## Task brief:
Wherever an image appears in the data, omit it and copy all the remaining text word for word.

[Information shown — start]

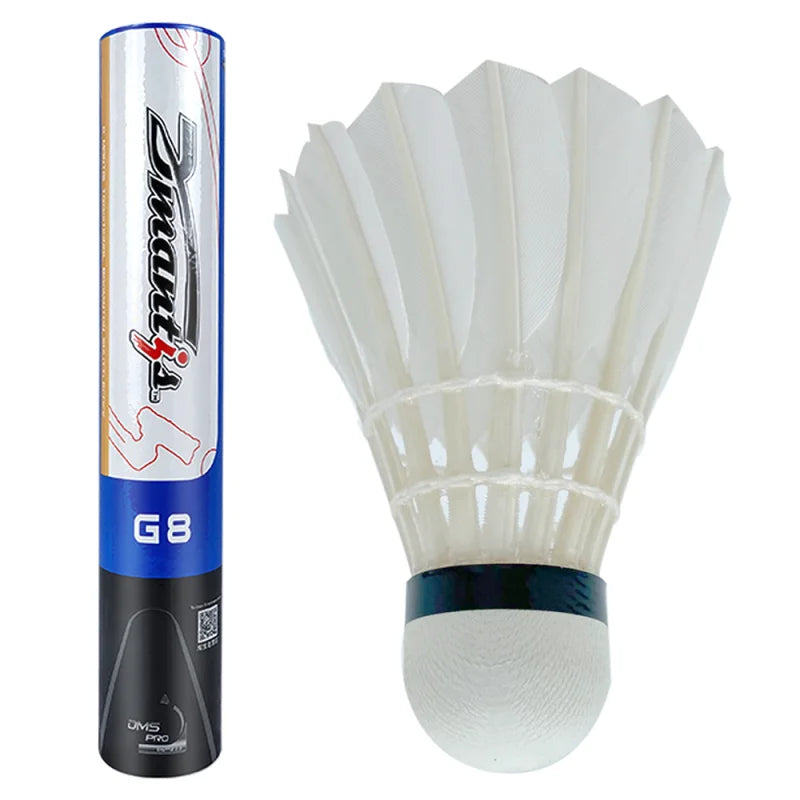 12Pcs G8 Professional Competition Badminton Shuttlecocks Birdies Full Goose Feather Ball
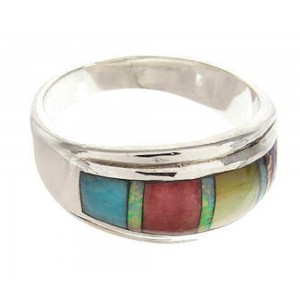 Sterling Silver Jewelry Multicolor Inlay Ring Size 6-3/4 XS57785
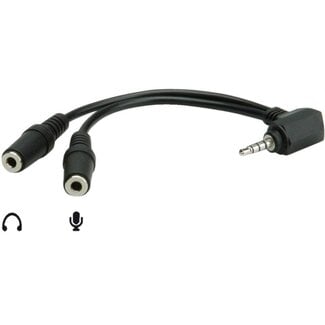 Roline 3,5mm 4-polig > 2x 3,5mm headset adapter (CTIA/AHJ) / haaks - 0,15 meter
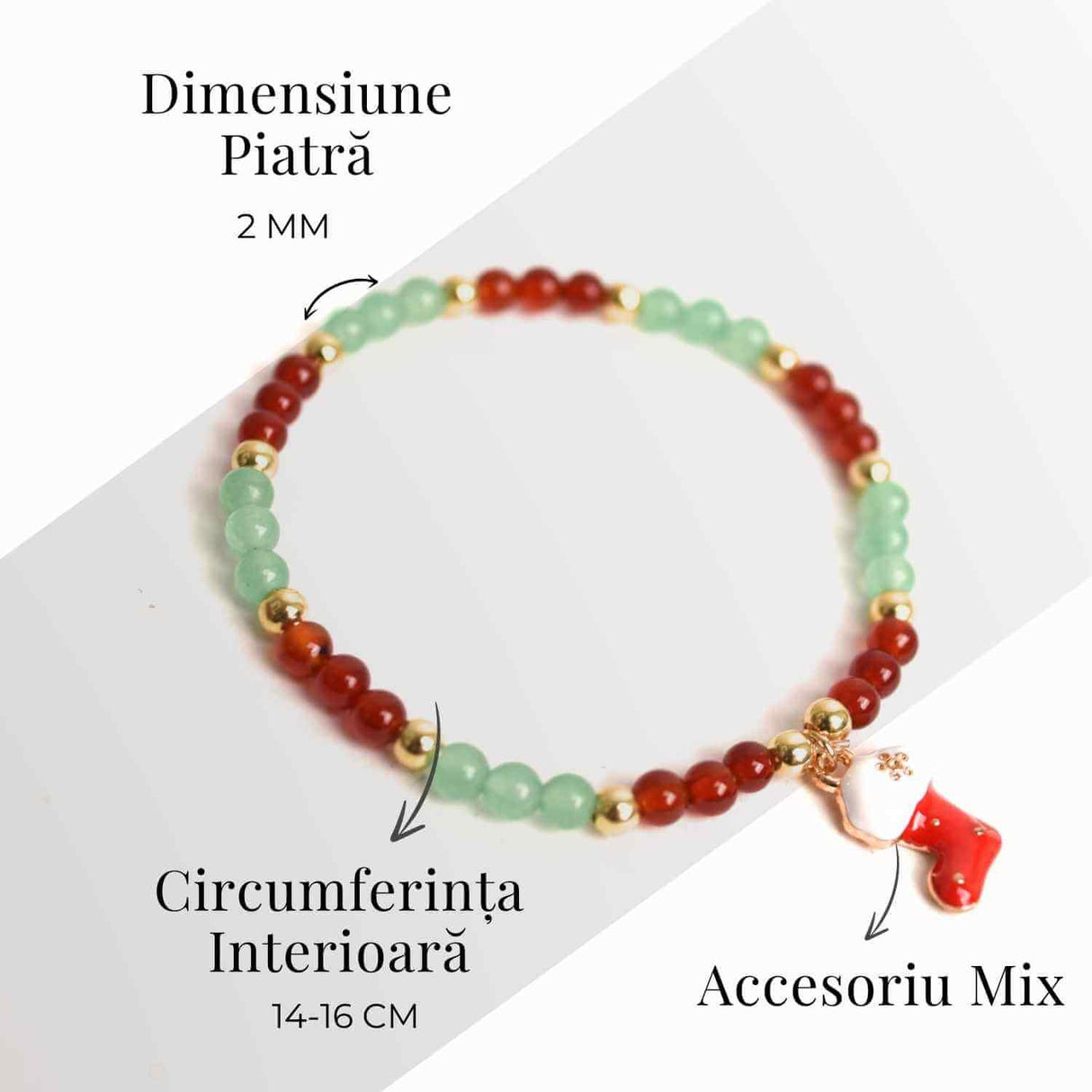 Bratara Agat rosu si aventurin verde accesoriu mix- eleganta si noroc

[Information shown — finish]

## Response to this task:
 12Pcs G8 Professional Competition Badminton Shuttlecocks Birdies Full Goose Feather Ball
 Sterling Silver Jewelry Multicolor Inlay Ring Size 6-3/4 XS57785
 Roline 3,5mm 4-polig > 2x 3,5mm headset adapter (CTIA/AHJ) / haaks - 0,15 meter
 Bratara Agat rosu si aventurin verde accesoriu mix- eleganta si noroc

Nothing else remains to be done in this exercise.